Als der Holocaust (nun auch im Englischen mit bestimmtem Artikel und großem H) wird seit etwa 1960 in den Vereinigten Staaten und seit 1978 auch in der Bundesrepublik Deutschland und vielen weiteren Staaten Europas der Massenmord an etwa sechs Millionen europäischen Juden in der Zeit des Nationalsozialismus bezeichnet. Die Nationalsozialisten bezeichneten diesen als „Endlösung der Judenfrage“ und rechtfertigten ihn mit ihrem zur Staatsideologie erhobenen Rassen-Antisemitismus. Der Judenmord wurde mit staatlichen Mitteln organisiert, systematisch auch mit industriellen Methoden durchgeführt und zielte auf die Ausrottung aller Juden in Europa.

Israelis und Teile der westlichen Öffentlichkeit bezeichnen dieses Ereignis seit 1948 auch als (die) Shoa (hebräisch für „Katastrophe, Untergang, Zerstörung“).

Das Wort Holocaust und sein Bedeutungswandel wurden in der Holocaustforschung und Erinnerungskultur zu einem Diskussionsthema. Erörtert wurde, ob es wegen seiner Herkunft als Bezeichnung für die Judenvernichtung geeignet ist und ob es nur diese bezeichnen oder auch andere NS-Massenmorde umfassen sollte.[1] Es wird heute nur selten für die „Gesamtheit der Repressions- und Vernichtungspolitik der Nationalsozialisten gegen alle Opfergruppen“ verwendet.[2] Manche Historiker bezeichnen den NS-Massenmord an den Roma (Porajmos) als Teil des Holocaust oder als „Roma-Holocaust“. Sie erkennen diesen damit als gleichrangig mit der Judenvernichtung an.[3] Demgegenüber wird das Bezeichnen anderer Völkermorde oder Massentötungen als „Holocaust“ oft als Verharmlosung oder Relativierung der Judenvernichtung kritisiert.

  1. Debatten um Singularität und Opferkonkurrenz.
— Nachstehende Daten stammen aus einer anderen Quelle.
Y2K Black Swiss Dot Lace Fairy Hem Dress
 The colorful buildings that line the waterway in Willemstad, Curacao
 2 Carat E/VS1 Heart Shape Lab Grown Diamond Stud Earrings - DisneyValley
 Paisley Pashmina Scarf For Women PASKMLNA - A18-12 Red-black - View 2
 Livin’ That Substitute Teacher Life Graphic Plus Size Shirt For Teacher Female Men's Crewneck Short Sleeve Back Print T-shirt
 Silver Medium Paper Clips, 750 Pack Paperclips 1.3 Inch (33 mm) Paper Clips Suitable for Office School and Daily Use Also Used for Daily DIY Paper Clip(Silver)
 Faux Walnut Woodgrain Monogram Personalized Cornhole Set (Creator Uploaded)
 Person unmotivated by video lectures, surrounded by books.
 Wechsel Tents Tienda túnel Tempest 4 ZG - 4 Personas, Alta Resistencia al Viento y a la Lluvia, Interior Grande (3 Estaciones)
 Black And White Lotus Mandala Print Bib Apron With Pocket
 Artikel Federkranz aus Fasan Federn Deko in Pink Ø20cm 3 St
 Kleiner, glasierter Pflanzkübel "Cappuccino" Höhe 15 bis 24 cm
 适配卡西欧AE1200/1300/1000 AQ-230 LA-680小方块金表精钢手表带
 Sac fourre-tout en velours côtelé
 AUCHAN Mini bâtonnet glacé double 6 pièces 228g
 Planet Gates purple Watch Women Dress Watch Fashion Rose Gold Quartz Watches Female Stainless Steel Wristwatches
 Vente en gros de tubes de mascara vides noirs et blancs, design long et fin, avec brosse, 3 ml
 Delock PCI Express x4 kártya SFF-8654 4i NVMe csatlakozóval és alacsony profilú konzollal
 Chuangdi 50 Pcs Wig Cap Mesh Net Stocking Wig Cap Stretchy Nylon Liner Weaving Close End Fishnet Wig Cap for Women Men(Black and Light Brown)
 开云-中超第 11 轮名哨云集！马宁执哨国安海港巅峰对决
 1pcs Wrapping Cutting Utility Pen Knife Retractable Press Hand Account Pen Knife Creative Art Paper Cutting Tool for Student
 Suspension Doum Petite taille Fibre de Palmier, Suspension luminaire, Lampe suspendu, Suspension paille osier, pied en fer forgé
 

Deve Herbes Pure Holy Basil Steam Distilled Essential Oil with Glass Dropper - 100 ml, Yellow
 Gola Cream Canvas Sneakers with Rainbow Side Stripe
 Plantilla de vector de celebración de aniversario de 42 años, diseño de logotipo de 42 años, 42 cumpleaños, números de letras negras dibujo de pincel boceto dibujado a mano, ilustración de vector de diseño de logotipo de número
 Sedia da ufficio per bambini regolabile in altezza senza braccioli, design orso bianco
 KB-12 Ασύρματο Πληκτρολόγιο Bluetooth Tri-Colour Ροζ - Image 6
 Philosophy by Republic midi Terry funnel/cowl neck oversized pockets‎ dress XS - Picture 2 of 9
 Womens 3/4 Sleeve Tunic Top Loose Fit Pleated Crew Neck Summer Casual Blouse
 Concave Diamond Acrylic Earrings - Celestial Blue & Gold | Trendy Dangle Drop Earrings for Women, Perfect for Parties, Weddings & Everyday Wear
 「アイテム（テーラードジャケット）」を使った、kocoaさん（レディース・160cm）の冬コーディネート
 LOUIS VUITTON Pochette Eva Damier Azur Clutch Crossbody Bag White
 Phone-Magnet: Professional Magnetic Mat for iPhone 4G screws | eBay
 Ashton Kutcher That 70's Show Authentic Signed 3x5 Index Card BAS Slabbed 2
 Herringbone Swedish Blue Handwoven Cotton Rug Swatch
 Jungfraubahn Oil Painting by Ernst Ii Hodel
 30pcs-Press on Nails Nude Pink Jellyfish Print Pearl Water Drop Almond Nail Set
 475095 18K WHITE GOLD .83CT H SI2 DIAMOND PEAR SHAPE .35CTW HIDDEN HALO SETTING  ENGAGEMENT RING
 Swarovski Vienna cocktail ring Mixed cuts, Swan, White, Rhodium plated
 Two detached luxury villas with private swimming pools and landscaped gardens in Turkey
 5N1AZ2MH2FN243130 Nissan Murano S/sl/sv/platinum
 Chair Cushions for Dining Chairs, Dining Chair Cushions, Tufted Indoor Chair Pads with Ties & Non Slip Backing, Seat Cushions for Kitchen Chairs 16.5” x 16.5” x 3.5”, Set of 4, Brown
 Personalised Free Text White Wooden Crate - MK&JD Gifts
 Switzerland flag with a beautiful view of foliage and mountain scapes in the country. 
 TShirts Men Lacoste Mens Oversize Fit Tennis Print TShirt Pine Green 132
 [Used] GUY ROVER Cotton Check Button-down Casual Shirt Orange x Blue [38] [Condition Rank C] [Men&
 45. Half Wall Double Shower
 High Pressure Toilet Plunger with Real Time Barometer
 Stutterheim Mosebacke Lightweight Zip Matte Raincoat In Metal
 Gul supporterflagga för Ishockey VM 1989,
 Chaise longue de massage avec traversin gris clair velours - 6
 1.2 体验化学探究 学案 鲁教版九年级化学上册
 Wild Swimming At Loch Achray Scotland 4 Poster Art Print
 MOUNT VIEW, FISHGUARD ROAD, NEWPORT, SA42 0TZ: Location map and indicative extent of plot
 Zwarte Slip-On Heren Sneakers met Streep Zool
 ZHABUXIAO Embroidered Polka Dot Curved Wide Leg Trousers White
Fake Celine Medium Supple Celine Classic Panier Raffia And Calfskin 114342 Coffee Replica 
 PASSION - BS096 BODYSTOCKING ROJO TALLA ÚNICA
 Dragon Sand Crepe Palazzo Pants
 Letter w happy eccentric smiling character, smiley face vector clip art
In: Torben Fischer, Matthias N. Lorenz (Hrsg.): Lexikon der 'Vergangenheitsbewältigung' in Deutschland. Debatten- und Diskursgeschichte des Nationalsozialismus nach 1945. Transcript, Bielefeld 2009, ISBN 3-89942-773-4, S. 318f.
  2. Sascha Feuchert: Holocaust-Literatur. Auschwitz: Für die Sekundarstufe 1. Reclam, Ditzingen 2000, ISBN 3-15-015047-7, S. 15.
  3. Dieter Pohl: Verfolgung und Massenmord in der NS-Zeit 1933–1945. Darmstadt 2003, ISBN 3-534-15158-5, S. 64 und 111; David M. Crowe: The Roma Holocaust. In: F. C. DeCoste, Bernard Schwartz (Hrsg.): The Holocaust’s Ghost: Writings on Art, Politics, Law and Education. University of Alberta Press, Edmonton 2000, ISBN 0-88864-337-3, S. 179–202.